◆ **YOUR INSTRUCTIONS**: Print exactly the line that contains "123Arts Clear Glass" along with every line beneath it to the end of the records below, and omit pictures.

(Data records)
===

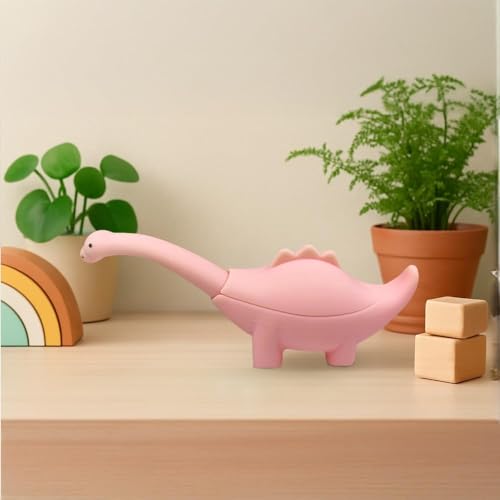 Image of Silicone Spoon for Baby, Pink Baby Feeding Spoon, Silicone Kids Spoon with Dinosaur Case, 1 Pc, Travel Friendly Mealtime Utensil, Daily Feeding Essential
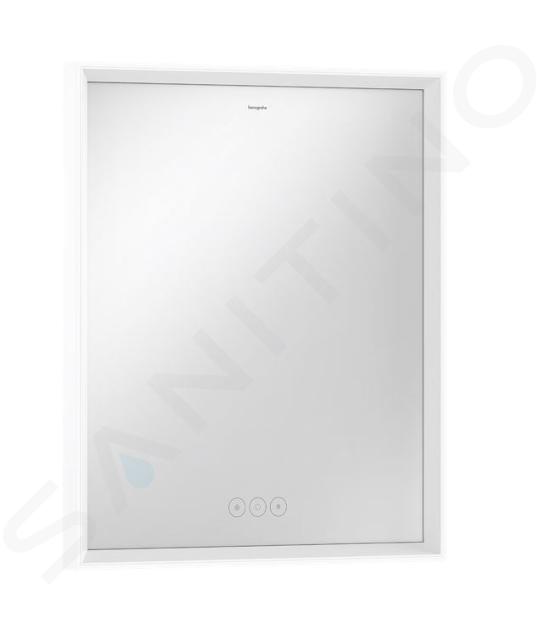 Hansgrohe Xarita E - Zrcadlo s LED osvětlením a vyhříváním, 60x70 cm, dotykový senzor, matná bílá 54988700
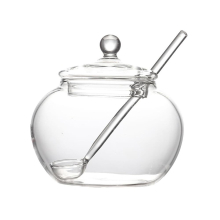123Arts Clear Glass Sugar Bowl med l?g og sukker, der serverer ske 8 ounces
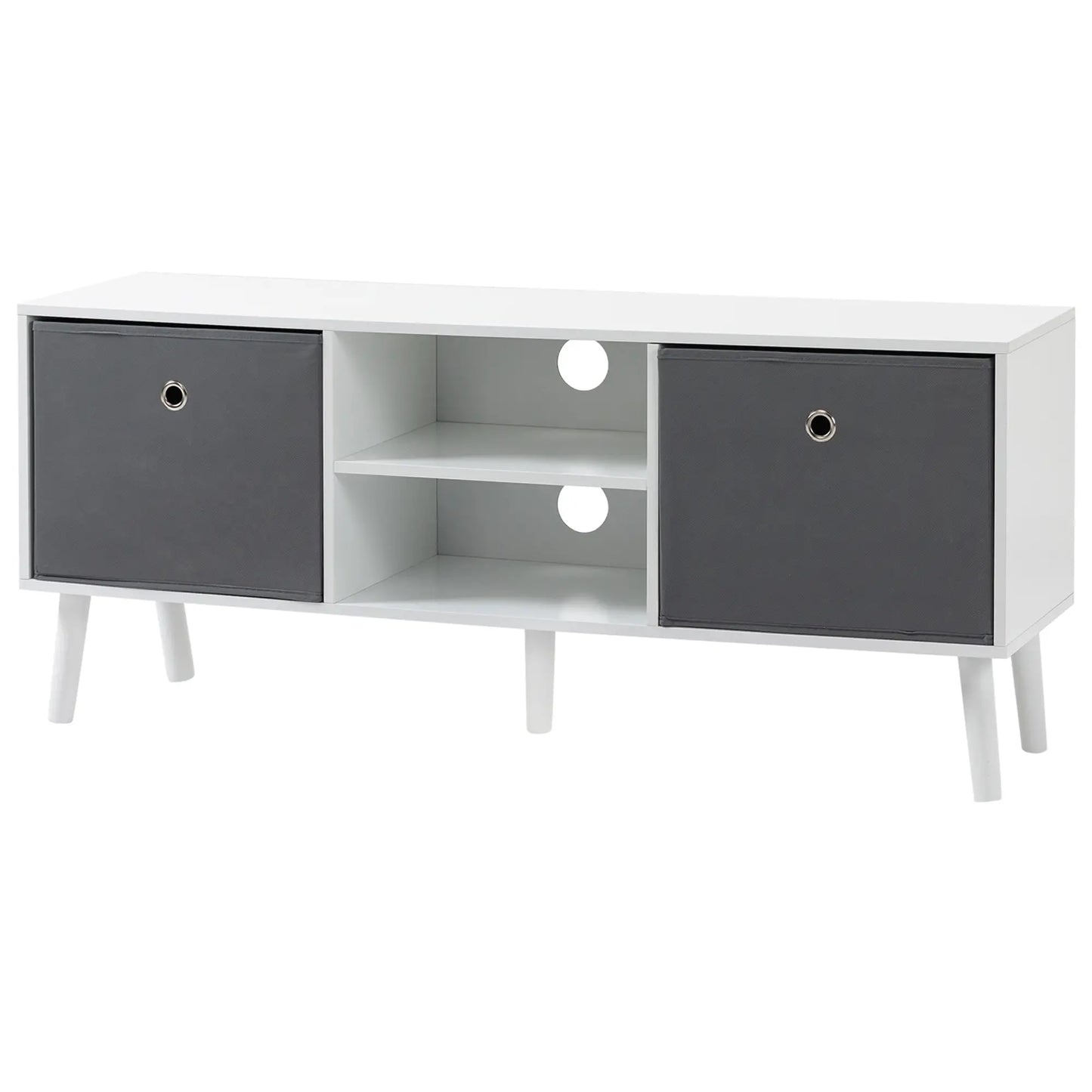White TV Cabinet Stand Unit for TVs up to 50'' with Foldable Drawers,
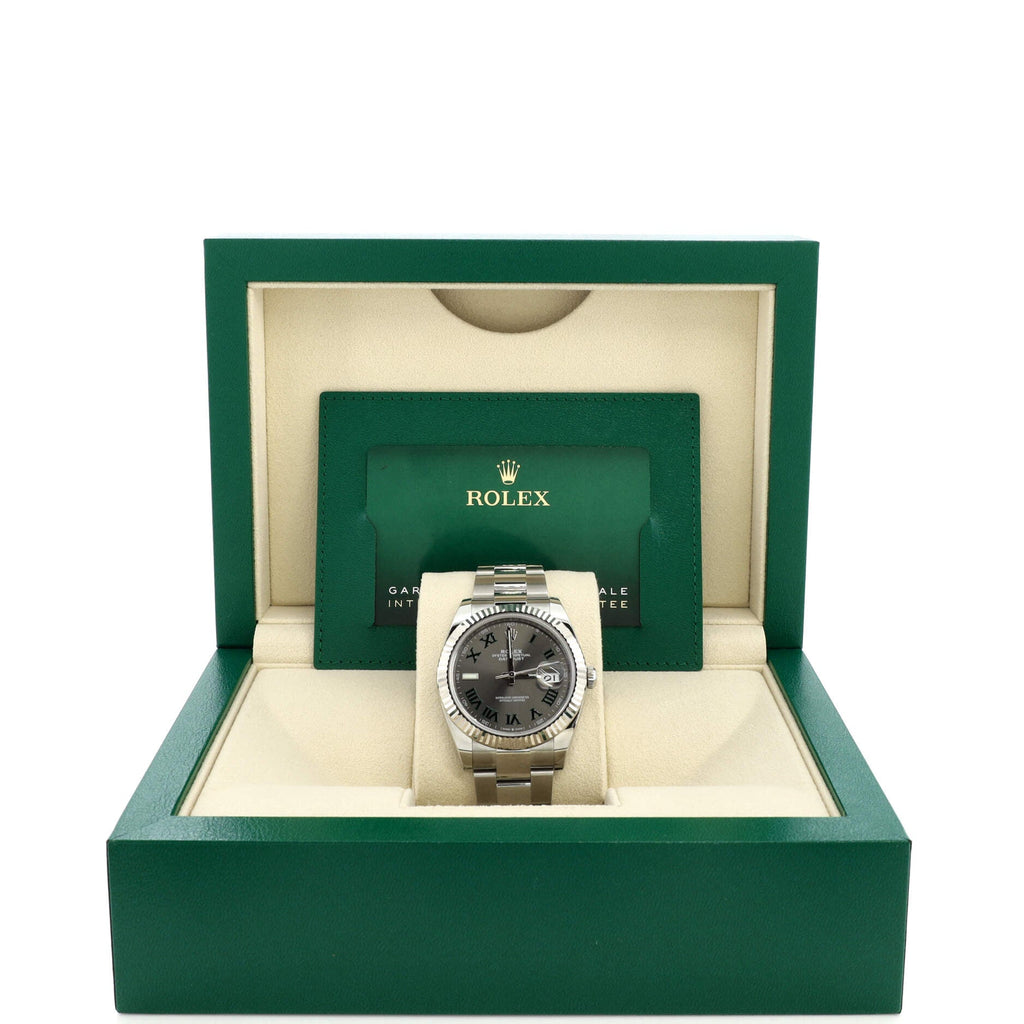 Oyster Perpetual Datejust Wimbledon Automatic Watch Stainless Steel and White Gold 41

===

◆ **OUTPUT**:
123Arts Clear Glass Sugar Bowl med l?g og sukker, der serverer ske 8 ounces
White TV Cabinet Stand Unit for TVs up to 50'' with Foldable Drawers,
 Oyster Perpetual Datejust Wimbledon Automatic Watch Stainless Steel and White Gold 41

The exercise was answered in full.